An inspector’s report from 1907 described the college as being financially successful, mainly due to the efforts of secretary Miete Struver in attracting both instructors and pupils. He noted that facilities and space were somewhat lacking, making it difficult to compete with the two larger nearby colleges at South Brisbane and in the city.
In that year, Attorney-General James Blair introduced a bill in Parliament which was aimed at rationalising technical education. In particular, the Brisbane colleges were to be folded into one central institution under direct government control, providing a model for others in the State. This amalgamation was implemented in 1910 and the West End College closed.
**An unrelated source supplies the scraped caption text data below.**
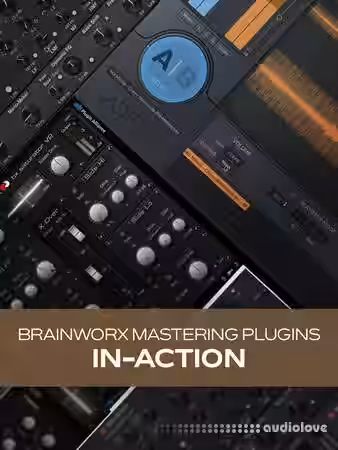 Groove3 Brainworx Mastering Plugins In-Action [TUTORiAL] - Sample Pack Artwork
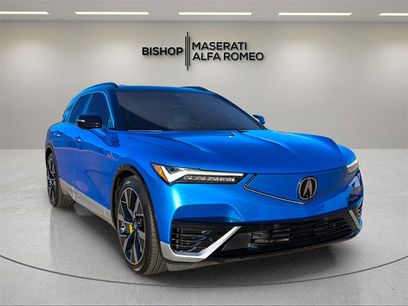 Used 2024 Acura ZDX Type S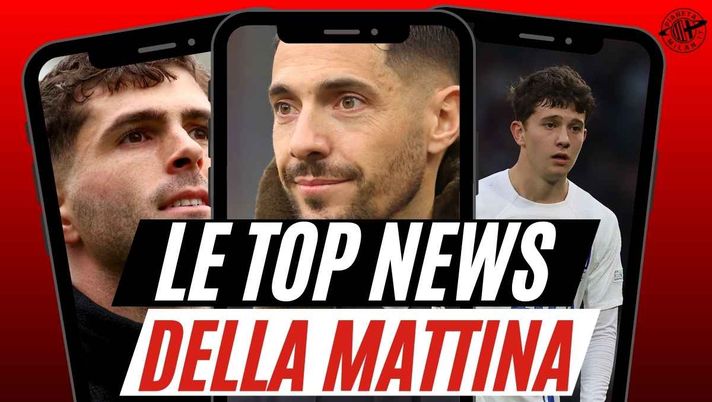 Milan, nuovo nome per l'attacco. Karetsas gol da urlo. Il punto sugli infortuni. E Maldini ...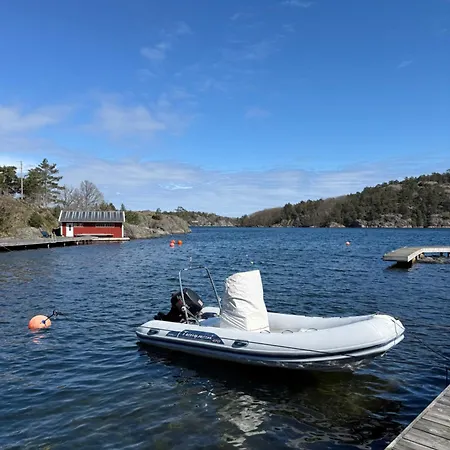 Hovag I Lillesand, Naer Dyreparken Casa vacanze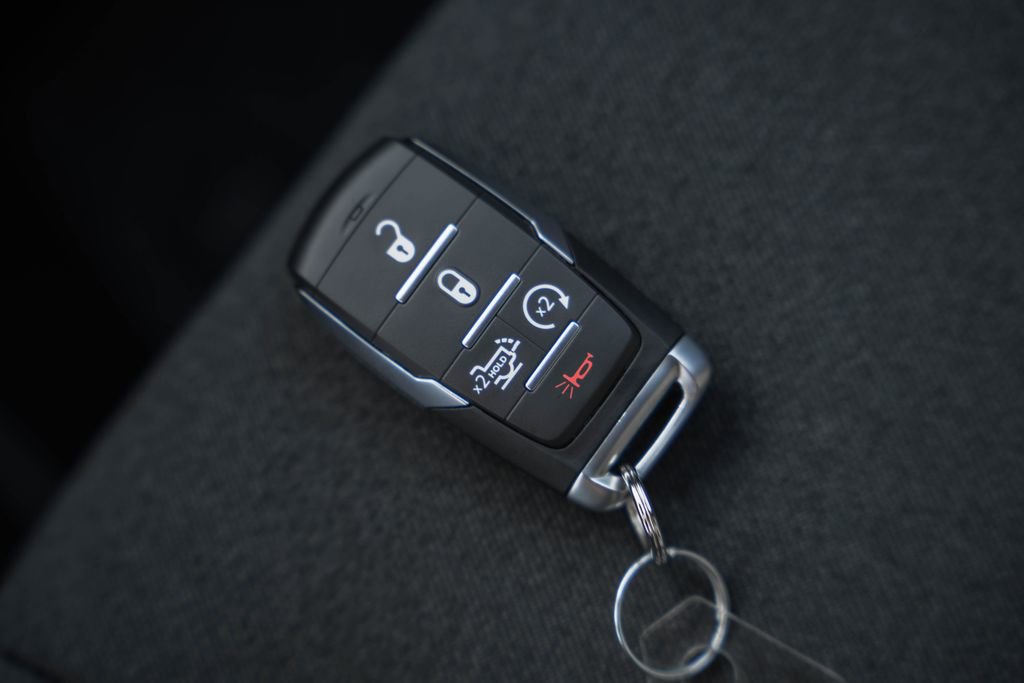 New 2026 RAM 1500 4x4 Crew Cab image 48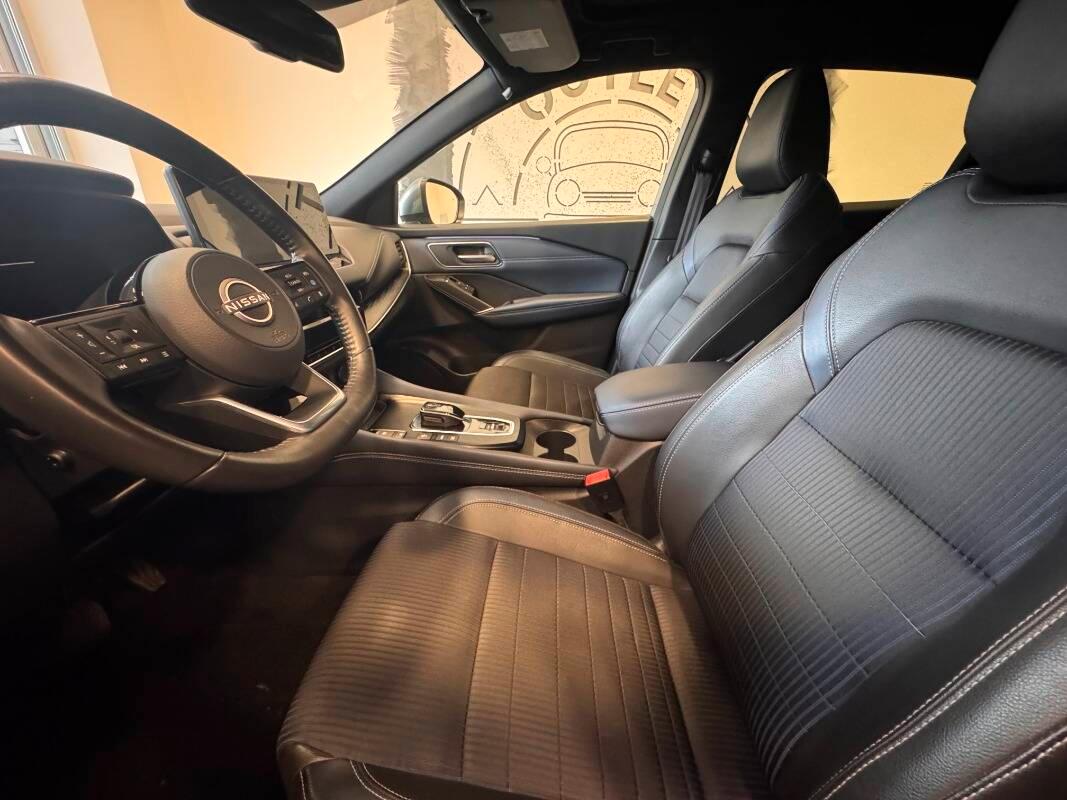 Nissan Qashqai 1.5 e-power Tekna 2wd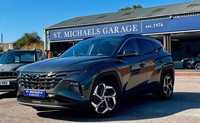 2023 Hyundai TUCSON 1.6 Tucson Ultimate TGDi 5dr SUV Petrol Manual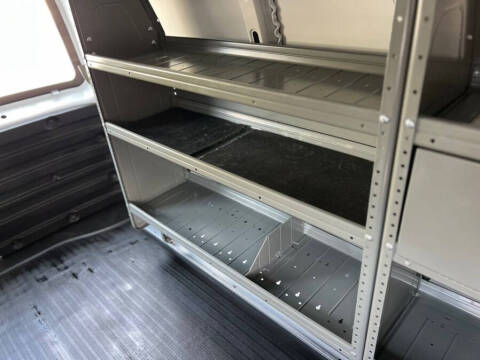 2023 GMC Savana 2500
Friendly Societies, whilst having their roots in medieval craft guilds, came into their own in the 19th century. British based societies were transported to Australia where they flourished. They provided financial assistance to members and their families in times of lack of income due to causes such as injury, sickness, death or loss of tools.
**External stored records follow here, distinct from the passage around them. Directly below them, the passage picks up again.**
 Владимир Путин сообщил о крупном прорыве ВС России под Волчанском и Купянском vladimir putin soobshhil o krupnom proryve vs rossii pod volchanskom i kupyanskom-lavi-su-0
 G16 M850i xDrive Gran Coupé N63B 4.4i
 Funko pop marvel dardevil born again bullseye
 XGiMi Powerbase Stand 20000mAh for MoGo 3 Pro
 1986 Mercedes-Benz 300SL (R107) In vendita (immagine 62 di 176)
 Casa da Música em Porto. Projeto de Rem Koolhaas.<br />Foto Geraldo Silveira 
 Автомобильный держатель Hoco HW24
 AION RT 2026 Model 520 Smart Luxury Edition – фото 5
By 1901, around one quarter of Queenslanders was covered by Friendly Society protection. With their large membership base, they had significant political influence.
Friendly Societies had many local chapters and often used similar trappings to lodges such as regalia, secret passwords and handshakes. In the same period, temperance societies, often linked to non-conformist religions, also became popular.
The West End School of Arts was designed with these groups in mind, with 7 meeting rooms. One of the first to utilise the new facilities was the Loyal Prince George Lodge of the Manchester Unity Independent Order of Oddfellows. A ball held in the hall in August of 1889 was attended by 200 and dancing continued until 5am the next morning. The building was obviously filling a need!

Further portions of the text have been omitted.